Dentro do complexo panorama social e político do mundo em que viveu, muitas vezes crispado, chama a atenção o facto de Jesus não manifestar à partida uma rejeição aberta da dominação romana, ainda que também não a aceite acriticamente.
Um episódio significativo é mencionado pelos três evangelhos sinópticos, no qual alguns fariseus, para essa ocasião, se põem de acordo com alguns herodianos procurando apanhá-Lo com uma pergunta capciosa: «Mestre, nós sabemos que és sincero, e que ensinas o caminho de Deus segundo a verdade, sem dar preferência a ninguém, porque não olhas às condições das pessoas.

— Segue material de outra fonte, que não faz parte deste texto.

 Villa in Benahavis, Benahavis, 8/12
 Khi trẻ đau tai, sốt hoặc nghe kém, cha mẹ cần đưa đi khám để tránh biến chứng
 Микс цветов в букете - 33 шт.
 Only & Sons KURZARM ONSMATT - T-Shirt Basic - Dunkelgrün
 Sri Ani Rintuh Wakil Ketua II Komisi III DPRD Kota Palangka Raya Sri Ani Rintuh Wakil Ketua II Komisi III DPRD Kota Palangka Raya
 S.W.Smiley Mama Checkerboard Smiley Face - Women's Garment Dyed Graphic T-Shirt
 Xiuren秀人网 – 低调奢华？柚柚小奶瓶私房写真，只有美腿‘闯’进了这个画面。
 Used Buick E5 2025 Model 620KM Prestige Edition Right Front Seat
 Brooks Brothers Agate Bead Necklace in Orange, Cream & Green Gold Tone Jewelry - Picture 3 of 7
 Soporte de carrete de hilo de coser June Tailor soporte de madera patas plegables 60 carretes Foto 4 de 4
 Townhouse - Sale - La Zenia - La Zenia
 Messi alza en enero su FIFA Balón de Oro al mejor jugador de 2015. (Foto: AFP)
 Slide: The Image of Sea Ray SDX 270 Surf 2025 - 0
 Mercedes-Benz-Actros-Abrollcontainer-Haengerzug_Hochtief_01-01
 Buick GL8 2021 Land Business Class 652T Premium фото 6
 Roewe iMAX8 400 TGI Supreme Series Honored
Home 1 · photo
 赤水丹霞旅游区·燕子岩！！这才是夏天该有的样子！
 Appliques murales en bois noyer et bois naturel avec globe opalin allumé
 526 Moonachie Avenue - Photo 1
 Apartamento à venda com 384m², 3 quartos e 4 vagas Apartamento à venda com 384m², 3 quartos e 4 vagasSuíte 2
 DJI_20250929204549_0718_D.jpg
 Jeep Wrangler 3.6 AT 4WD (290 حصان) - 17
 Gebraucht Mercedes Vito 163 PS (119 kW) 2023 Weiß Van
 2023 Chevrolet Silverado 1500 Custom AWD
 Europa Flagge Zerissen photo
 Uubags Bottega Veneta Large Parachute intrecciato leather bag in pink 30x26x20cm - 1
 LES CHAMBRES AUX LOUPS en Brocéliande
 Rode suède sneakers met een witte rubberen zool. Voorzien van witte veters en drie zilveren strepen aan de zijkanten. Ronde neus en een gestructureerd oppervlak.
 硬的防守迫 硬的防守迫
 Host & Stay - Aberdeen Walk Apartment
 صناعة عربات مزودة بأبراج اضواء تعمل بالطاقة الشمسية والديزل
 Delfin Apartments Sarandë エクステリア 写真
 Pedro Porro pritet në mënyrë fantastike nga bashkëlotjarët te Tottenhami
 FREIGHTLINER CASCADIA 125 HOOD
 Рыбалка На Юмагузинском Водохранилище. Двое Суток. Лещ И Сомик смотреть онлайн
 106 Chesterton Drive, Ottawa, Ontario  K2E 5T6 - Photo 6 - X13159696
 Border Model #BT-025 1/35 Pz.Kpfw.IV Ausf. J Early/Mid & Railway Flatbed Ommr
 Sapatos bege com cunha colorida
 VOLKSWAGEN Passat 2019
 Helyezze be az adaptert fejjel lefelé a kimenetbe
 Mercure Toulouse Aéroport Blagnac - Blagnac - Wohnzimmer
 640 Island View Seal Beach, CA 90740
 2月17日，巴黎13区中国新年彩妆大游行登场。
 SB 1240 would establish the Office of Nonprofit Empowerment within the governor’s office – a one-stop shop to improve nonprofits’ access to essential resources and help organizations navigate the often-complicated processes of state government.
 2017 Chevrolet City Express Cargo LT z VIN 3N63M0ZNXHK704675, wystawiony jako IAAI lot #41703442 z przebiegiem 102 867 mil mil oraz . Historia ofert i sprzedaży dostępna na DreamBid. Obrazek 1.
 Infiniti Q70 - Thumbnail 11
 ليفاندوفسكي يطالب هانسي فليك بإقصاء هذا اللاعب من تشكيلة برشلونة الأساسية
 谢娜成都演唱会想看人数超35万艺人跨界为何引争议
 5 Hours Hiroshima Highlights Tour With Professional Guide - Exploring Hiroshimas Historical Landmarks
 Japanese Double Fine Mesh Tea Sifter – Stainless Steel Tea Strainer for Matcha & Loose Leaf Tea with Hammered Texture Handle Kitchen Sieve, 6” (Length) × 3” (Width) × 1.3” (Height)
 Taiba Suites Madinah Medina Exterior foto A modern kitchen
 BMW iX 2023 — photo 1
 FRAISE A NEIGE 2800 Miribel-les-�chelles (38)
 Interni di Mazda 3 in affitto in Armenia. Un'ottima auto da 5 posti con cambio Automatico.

Diz-nos, pois, o Teu parecer: é lícito ou não dar o tributo a César?» (Mt 22, 16-17). A reacção de Jesus é bem conhecida: “Jesus, conhecendo a sua malícia, respondeu: «Por que me tentais, hipócritas? Mostrai-Me a moeda do tributo». Eles apresentaram-Lhe um denário. E Jesus disse‑lhes: «De quem é esta imagem e esta inscrição?» Responderam: «De César». Então disse-lhes: «Dai, pois, a César o que é de César e a Deus o que é de Deus»“ (Mt 22, 18-21).
A resposta de Jesus transcende o horizonte humano dos seus tentadores. Está acima do sim e do não que queriam arrancar-lhe. A questão era muito insidiosa, pois tentava reduzir a atitude religiosa e transcendente de Jesus a um compromisso temporal. A pergunta, no contexto em que era apresentada, quase O obrigava a definir-Se como colaboracionista do regime que dominava a Palestina, ou como revolucionário.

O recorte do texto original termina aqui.